BGP update messages carry all the BGP prefixes as part of the Network Layer Reachability Information (NLRI) Path Attribute. In regards for an optimal BGP performance in a spine-leaf architecture running BGP, it is advisable to set the MSS for BGP to the maximum value but avoid fragmentation. As defined RFC879 all IPv4 endpoints are required to handle an MSS of 536 bytes (=MTU 576 bytes minus 20 bytes for TCP Header*** minus 20 bytes IP Header).

But are these Nexus switches using MSS of 536 bytes only? Nope!

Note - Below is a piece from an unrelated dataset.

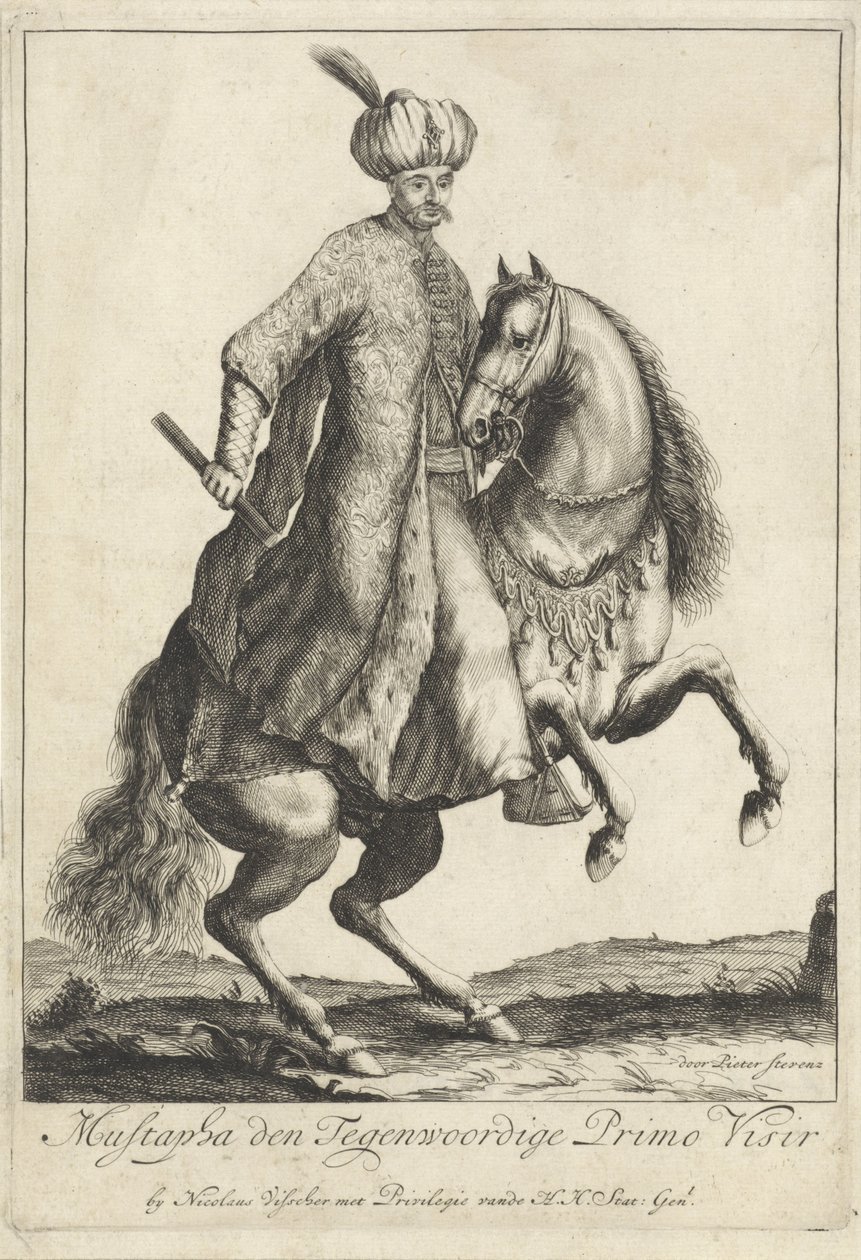 Equestrian Portrait of Kara Mustafa, Grand Vizier in the Turkish Army by Pieter Stevens (vermeld in 1689)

These Nexus 3048 switches running NX-OS 7.0(3)I7(6) are by default configured to discover the maximal MTU path between the two IPv4 endpoints leveraging Path MTU Discovery (PMTUD) feature. Other Nexus switches may requires the configuration of the global command "ip tcp path-mtu-discovery" to enable PMTUD.

 

MSS is sometimes mistaken for PMTUD. MSS is a concept used by TCP in the Transport Layer and it specifies the largest amount of data that a computer or communications device can receive in a single TCP segment. While PMTUD is used to specifies the largest packet size that can be sent over this path without suffering fragmentation.

 

But how we could verify the MSS used for the BGP peering session between the Nexus 3048 switches?

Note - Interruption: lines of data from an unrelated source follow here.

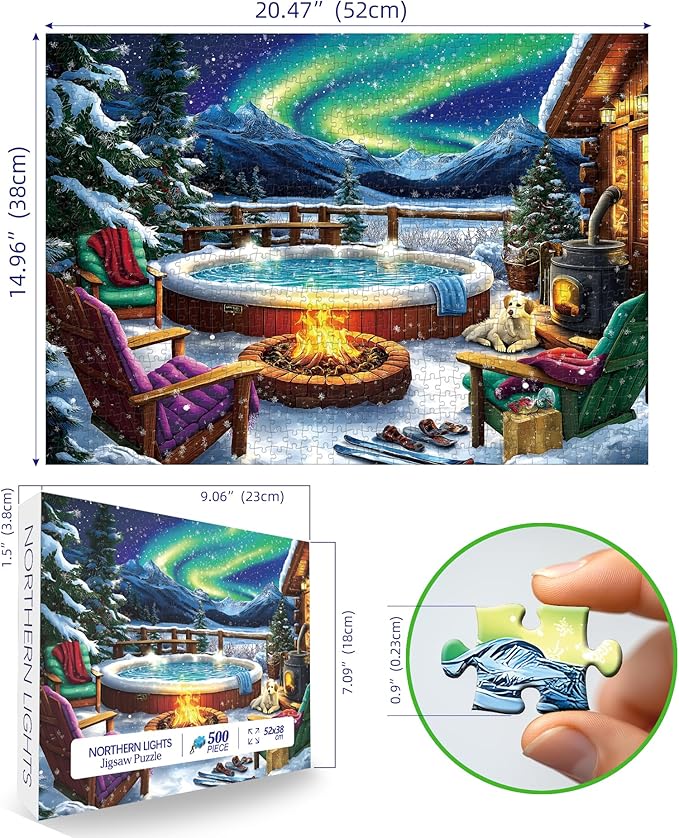 MINIWAN Northern Lights Puzzle - 500 Piece Jigsaw Puzzles for Adults Vivid Imagery Impossible Hard Difficult Challenging Puzzle, Unique Ideal for Relaxation and Family Fun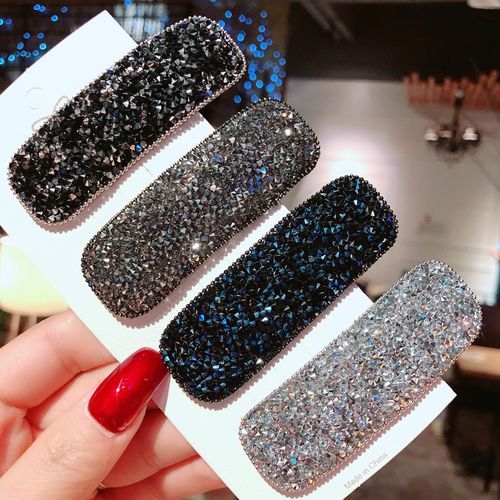 小碎钻水钻发夹新款发卡碎发边夹超闪bb夹压夹简约百搭发饰品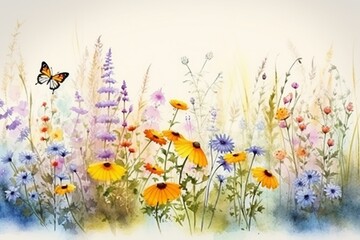 Watercolor artwork of wildflowers, herbs, and butterfly in a panoramic horizontal illustration representing an autumn meadow. Ideal for cards, borders, banners, or designs. Generative AI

Nexus 3048 switches running NX-OS software allows the administrator to check the MSS of the TCP BGP session with the following command: show sockets connection tcp details.

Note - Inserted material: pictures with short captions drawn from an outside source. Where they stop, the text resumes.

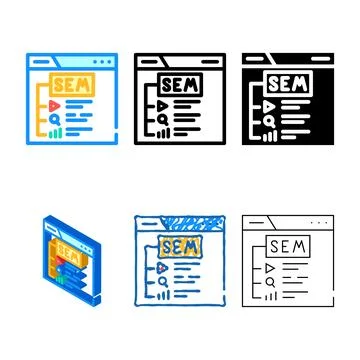 Search engine marketing forms sem seo color icon vector Stock Illustration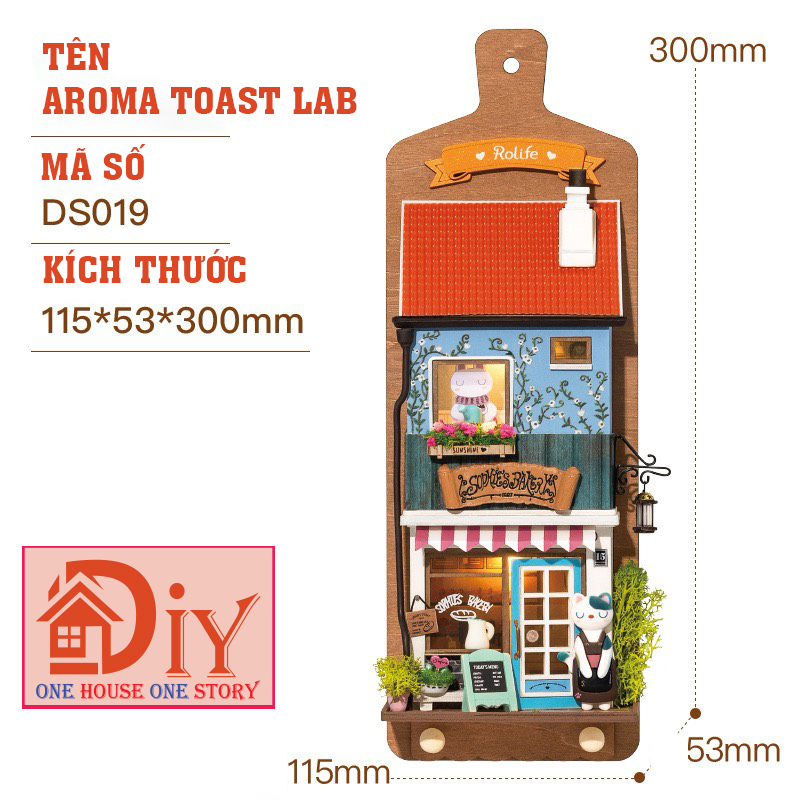 [Bản tiếng Anh]Mô hình Treo tường nhà thu nhỏ tự lắp ráp Aroma Toast Lab DIY- Quà tặng sinh nhật giáng sinh trang trí nhà cửa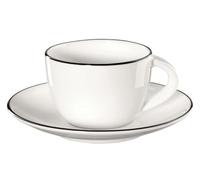 ASA à table ligne noir 1930113 Tasse à expresso avec soucoupe 0,07 l Blanc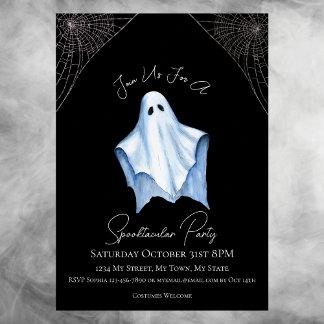 Blad Ghost Volwassen Halloween Party gothic zwart Kaart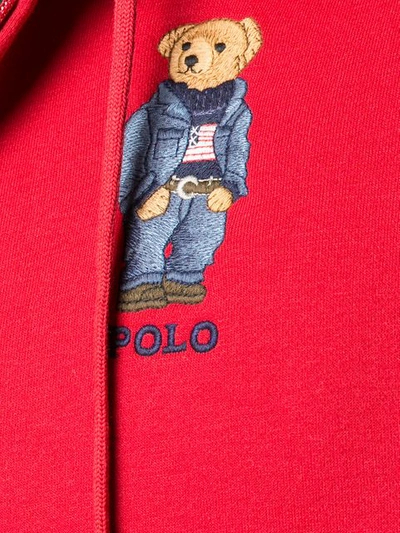 Shop Polo Ralph Lauren Kapuzenjacke Mit Teddybärenstickerei In Red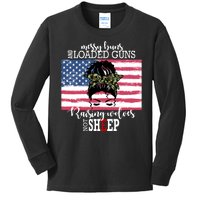 Messy Buns And Loaded Guns Raising Wolves Not Sheep Kids Long Sleeve Shirt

Below we see two TCP BGP sessions between the IPv4 endpoints (Switch Loopback Interfaces) and each of the session shows a MSS of 9164 bytes.

BGP TCP Session Maximum Segment Size Verification

NY-N3K-LEAF-10# show sockets connection tcp local 172.16.3.10 detail

 

---snip---

 

Kernel Socket Connection:

State      Recv-Q Send-Q        Local Address:Port          Peer Address:Port

 

ESTAB      0      0               172.16.3.10:24415          172.16.3.11:179    ino:78187 sk:ffff88011f352700

 

     skmem:(r0,rb262144,t0,tb262144,f0,w0,o0) ts sack cubic wscale:2,2 rto:210 rtt:12.916/14.166 ato:40 mss:9164 cwnd:10 send 56.8Mbps rcv_space:18352

 

 

ESTAB      0      0               172.16.3.10:45719          172.16.3.12:179    ino:79218 sk:ffff880115de6800

 

     skmem:(r0,rb262144,t0,tb262144,f0,w0,o0) ts sack cubic wscale:2,2 rto:203.333 rtt:3.333/1.666 ato:40 mss:9164 cwnd:10 send 220.0Mbps rcv_space:18352

 

 

NY-N3K-LEAF-10#

Please reset always the BGP session when you change the MTU, as the MSS is only discovered during the initial TCP three-way handshake.

 

The MSS value of 9164 bytes confirms that the underlay physical network is ready with an end-to-end MTU of 9216 bytes. But why is the MSS value (9164) of BGP 12 bytes smaller than the TCP MSS value (9176) negotiated during the TCP three-way handshake?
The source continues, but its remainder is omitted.